Modelling and visualizing fine-scale linkage disequilibrium structure

David Edwards

Author Affiliations

Department of Molecular Biology and Genetics, Centre for Quantitative Genetics and Genomics, Blichers Allé 20, Tjele 8830, Denmark

BMC Bioinformatics 2013, 14:179  doi:10.1186/1471-2105-14-179

Published: 6 June 2013

Abstract

Background

Detailed study of genetic variation at the population level in humans and other species is now possible due to the availability of large sets of single nucleotide polymorphism data.

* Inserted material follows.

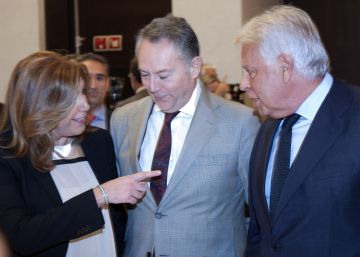 La presidenta de la Junta de Andalucía, Susana Díaz, intercambia bromas con el ex presidente del gobierno Felipe Gonzalez en el foro Joly en Sevilla.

Alleles at two or more loci are said to be in linkage disequilibrium (LD) when they are correlated or statistically dependent. Current efforts to understand the genetic basis of complex phenotypes are based on the existence of such associations, making study of the extent and distribution of linkage disequilibrium central to this endeavour. The objective of this paper is to develop methods to study fine-scale patterns of allelic association using probabilistic graphical models.

Results

An efficient, linear-time forward-backward algorithm is developed to estimate chromosome-wide LD models by optimizing a penalized likelihood criterion, and a convenient way to display these models is described. To illustrate the methods they are applied to data obtained by genotyping 8341 pigs. It is found that roughly 20% of the porcine genome exhibits complex LD patterns, forming islands of relatively high genetic diversity.

Conclusions

The proposed algorithm is efficient and makes it feasible to estimate and visualize chromosome-wide LD models on a routine basis.